# Work request
Take the data below and filter it for lines containing the word "right"; show each line found.

Dataset entries:
──────────

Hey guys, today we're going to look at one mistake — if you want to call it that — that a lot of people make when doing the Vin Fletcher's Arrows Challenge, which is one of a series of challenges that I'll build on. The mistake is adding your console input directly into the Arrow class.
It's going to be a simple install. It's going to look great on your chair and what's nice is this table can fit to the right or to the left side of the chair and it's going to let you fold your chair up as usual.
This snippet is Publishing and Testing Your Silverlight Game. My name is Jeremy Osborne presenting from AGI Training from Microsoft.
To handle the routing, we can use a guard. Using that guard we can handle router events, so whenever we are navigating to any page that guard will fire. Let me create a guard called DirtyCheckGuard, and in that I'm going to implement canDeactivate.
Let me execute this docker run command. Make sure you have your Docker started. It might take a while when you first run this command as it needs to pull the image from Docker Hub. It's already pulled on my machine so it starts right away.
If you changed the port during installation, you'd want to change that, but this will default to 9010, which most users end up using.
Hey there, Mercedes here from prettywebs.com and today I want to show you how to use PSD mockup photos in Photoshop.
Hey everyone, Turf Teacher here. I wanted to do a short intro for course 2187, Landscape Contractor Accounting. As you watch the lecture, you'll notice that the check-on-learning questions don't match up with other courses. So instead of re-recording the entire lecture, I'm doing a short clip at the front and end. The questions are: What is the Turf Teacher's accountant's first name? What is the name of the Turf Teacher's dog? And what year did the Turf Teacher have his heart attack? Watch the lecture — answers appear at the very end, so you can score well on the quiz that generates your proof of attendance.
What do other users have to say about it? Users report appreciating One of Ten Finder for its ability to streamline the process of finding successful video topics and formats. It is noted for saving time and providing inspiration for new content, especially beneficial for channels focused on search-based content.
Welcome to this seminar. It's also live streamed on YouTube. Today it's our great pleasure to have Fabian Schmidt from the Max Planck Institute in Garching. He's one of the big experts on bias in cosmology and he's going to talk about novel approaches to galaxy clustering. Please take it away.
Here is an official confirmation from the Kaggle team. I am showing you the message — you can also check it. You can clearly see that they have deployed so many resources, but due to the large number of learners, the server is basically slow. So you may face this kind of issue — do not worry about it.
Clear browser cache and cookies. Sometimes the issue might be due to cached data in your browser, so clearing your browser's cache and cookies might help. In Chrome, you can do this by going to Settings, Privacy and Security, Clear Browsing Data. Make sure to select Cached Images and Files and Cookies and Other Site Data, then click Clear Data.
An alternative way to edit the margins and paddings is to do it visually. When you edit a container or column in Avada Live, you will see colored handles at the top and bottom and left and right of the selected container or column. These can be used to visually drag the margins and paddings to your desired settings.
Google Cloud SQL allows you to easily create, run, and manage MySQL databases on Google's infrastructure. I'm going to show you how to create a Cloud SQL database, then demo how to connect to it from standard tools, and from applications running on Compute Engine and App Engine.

──────────

# Solution for this task
It's going to be a simple install. It's going to look great on your chair and what's nice is this table can fit to the right or to the left side of the chair and it's going to let you fold your chair up as usual.
Let me execute this docker run command. Make sure you have your Docker started. It might take a while when you first run this command as it needs to pull the image from Docker Hub. It's already pulled on my machine so it starts right away.
An alternative way to edit the margins and paddings is to do it visually. When you edit a container or column in Avada Live, you will see colored handles at the top and bottom and left and right of the selected container or column. These can be used to visually drag the margins and paddings to your desired settings.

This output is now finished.